REGLEMENT

1. De Carnavalscantus wordt in goede banen geleid door de artiesten en de cantusleiding. Dus goe luustere!

2. Het voornaamste is lekker hard mee lallen met vrolijke feestnummers. Iedereen krijgt een zangbundel, dus “ik ken de tekst niet” is helaas geen smoesje dit keer.

3. Na ieder nummer brengen we een toost uit. Want ja, met een schorre keel kende nie zingen… Ein Prosit!

4. Tijdens het zingen mag je niet drinken en tijdens het drinken mag je niet zingen. Simpel, toch?

5. Op de tafels en banken staan doen we maar ff niet, net als met bier gooien. A. Das sund. En B. D’r staat duur apparatuur.

6. Pissen doen we in de pauzes. De mensen met een zwakke blaas kunnen een plasketting krijgen, om stiekem toch tussendoor te gaan. Net als vruuger op de basisschool…

7. Bier halen mag je alleen met de daarvoor bestemde bier-hoed op je kop. Lekker grote pitchers, dus horeca-ervaring is niet nodig.
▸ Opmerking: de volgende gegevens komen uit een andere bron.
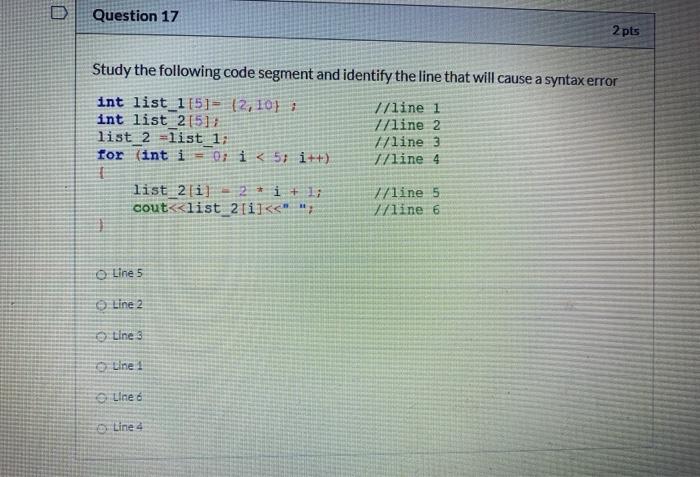 Solved Question 17 2 pts Study the following code segment | Chegg.com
8. Mocht je die regels nou allemaal te moeilijk vinden, dan kan het zijn dat de cantusleiding je een passend straf-atje oplegt. Of misschien zelfs wel je hele tafel. Ja la la la la la la la la la laaaaaaa, atje voor de sfeer!

9. We beginnen traditiegetrouw met de eerste en zesde strofe van het Wilhelmus. Allen staand en met de rechterhand op de linkertiet.

10. Uiteindelijk heeft de cantusleiding altijd gelijk. Net als de juf, en je ouders, en de scheidsrechter bij dammen, enzo.

11. Maak plezier en breek de tent af. Figuurlijk dan, want anders straf-atje, wittewel.